Hiya folks. Just checking in. It's so odd. Normally I think I comment a lot and offer support when people are having a rough time, but here I feel a bit intimidated not only because I'm new but because I feel like "Who's going to take the advice of someone who has only been sober nine days?" Probably more my own judgment of myself than anything.
Anyhow, today is so far uneventful. Was craving somewhat last night but it passed. Food continues to be an issue.
I am a bit nervous for my meeting tonight. There is a group that has been recommended to me by a couple of people, but it is two blocks from where my ex-boyfriend lives. (The one I was with for 7 years, who still drinks a lot and was sometimes emotionally abusive). I REALLY don't want to see him. I think it would really upset me. But the thing with NY is that you walk everywhere, so if he's out at that time, it could happen. I have gone back and forth on whether I should give this meeting a shot.

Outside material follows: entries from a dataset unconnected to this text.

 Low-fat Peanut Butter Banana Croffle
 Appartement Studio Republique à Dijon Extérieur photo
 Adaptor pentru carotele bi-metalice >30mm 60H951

But I feel like I shouldn't let him keep me from something good for me. (There aren't any other meetings in the area that I can get to since I work later than most).

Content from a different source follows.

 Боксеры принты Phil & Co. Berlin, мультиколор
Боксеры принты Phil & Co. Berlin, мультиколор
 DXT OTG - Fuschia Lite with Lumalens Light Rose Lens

/cue music: Your job, should you decide to accept it, is to find the person that can't get 3 days and tell them how you did it, we WILL be monitoring you
Second: Don't let some has been washed up useless "ex" keep you from being where you need to be, the best revenge is living well, nothing better then running into some hack ex with some skanky trollop on his arm that he picked up from The Pyramid Club that since he was drunk in all likelihood has a knocker while you look like a million bux with clear eyes and a smile that emanates from within, then wishing him the best and meaning it.
Things we fear and avoid, we give power over us, he doesn't deserve that kind of power over you, look good, walk tall, and get sober, and when you do run into him you will be like "Pffft, I was afraid of THAT????"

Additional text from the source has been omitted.